One of the trends highlighted in this news coverage is the natural increase in office and retail vacancy rates that accompanies a recession. Consumers slow spending, as a result businesses contract, and their needs for space contracts as well. It's a bad time for landlords for sure, but it's a potentially life-altering opportunity for business owners.
I speak of making the change from tenant to owner. Business owners who make this fateful decision add a significant dimension to their shareholder value. It's not unlike the difference between working for someone else and working for yourself.
I like to view this difference within the context of the final day on the job. Owners and employees will both make money along the course of their careers, but only owners have the final day paycheck. Most likely it'll be the biggest paycheck of their career, as they extract the shareholder value they've built up over the years.
Being an owner and user of a commercial building has the same impact. On that final day, be it a new venture or retirement, there's another last paycheck coming; the sale of the building.
One of the reasons commercial property ownership can lead to another payday is that successful real estate investing requires patience. Few business owners are in it for the short term--this makes them the ideal candidate for successful real estate ownership. SMB owners are less likely to jump ship during a down cycle and more likely to hold onto their real estate until the market cycle brings the value back to new highs.
Another reason is the fact that occupancy expense is already a major item in the business owner's budget. There isn't a question of whether or not to take on the risk of such an obligation, the obligation already exists. The question is who to make the checks payable to; a landlord who'll use it to amortize their loan and build equity or direct to the bank, where the equity accrues to the business owner. For many the answer is a no brainer.
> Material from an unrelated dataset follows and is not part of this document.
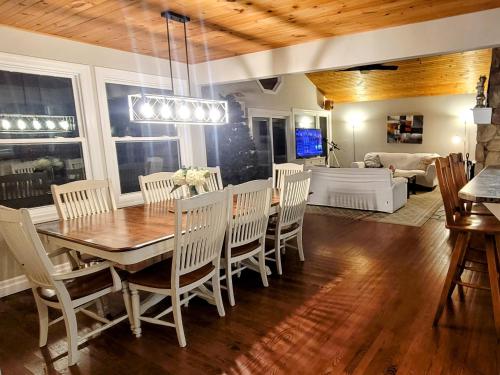 Zunanjost, Cozy Escape, Kawarthas Cottage With Sauna in Trent Lakes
Let me give you an example from a recent closing. A small private practice attorney ran his business out of a small, non-descript building in a quiet suburban community outside Manhattan. He often gave away his services to needy clients who couldn't pay. The way he put it, "I am a good lawyer, but a lousy business man."
In the end, he didn't grow a practice with partners and associates. It was just him, the paralegal (his wife), and an administrator. There was nothing to sell once he retired. He had, however, bought the ugly ducking building 30 years earlier.
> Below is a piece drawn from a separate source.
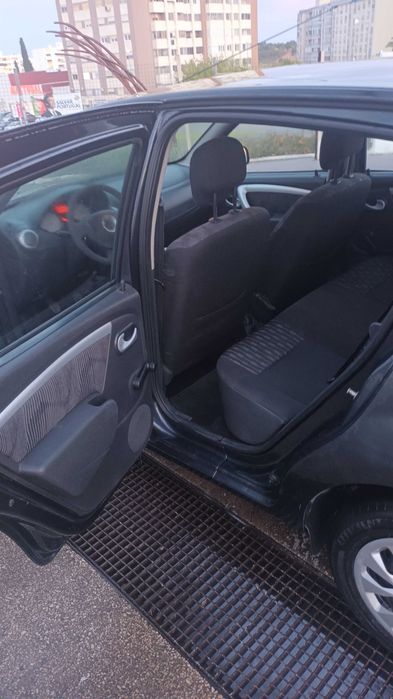 Dacia Sandero 1.4 GPL | 2010 | Distribuição e embraiagem recentes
Was this a life altering decision? You bet it was. On his final day of business, he received a check for $650,000 at the closing. His retirement was secured; he'd moved from a life of worry to a life of financial security.
At that closing was another attorney who was making the life altering decision to buy the building and set up his private practice there. The seller handed over the keys to the buyer with a tear in his eye, and said, "take care of her and she will take care of you."
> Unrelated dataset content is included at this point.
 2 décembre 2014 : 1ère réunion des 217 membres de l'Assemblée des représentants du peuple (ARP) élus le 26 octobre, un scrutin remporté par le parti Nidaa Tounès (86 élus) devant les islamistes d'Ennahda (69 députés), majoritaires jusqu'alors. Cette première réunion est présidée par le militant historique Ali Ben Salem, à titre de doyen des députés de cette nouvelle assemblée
Since that experience I've seen a pattern; the affection many owners have for their property runs deep. It may sound silly, but people frequently talk about their buildings like they are members of the family. They ascribe human traits to them, and this affection gives them the patience to hold, repair, improve and nurture the building's potential.
That retired lawyer showed that his affection for his law practice extended to his little, non-descript piece of real estate. He loved that building and it loved him back, with $650,000 hugs and kisses.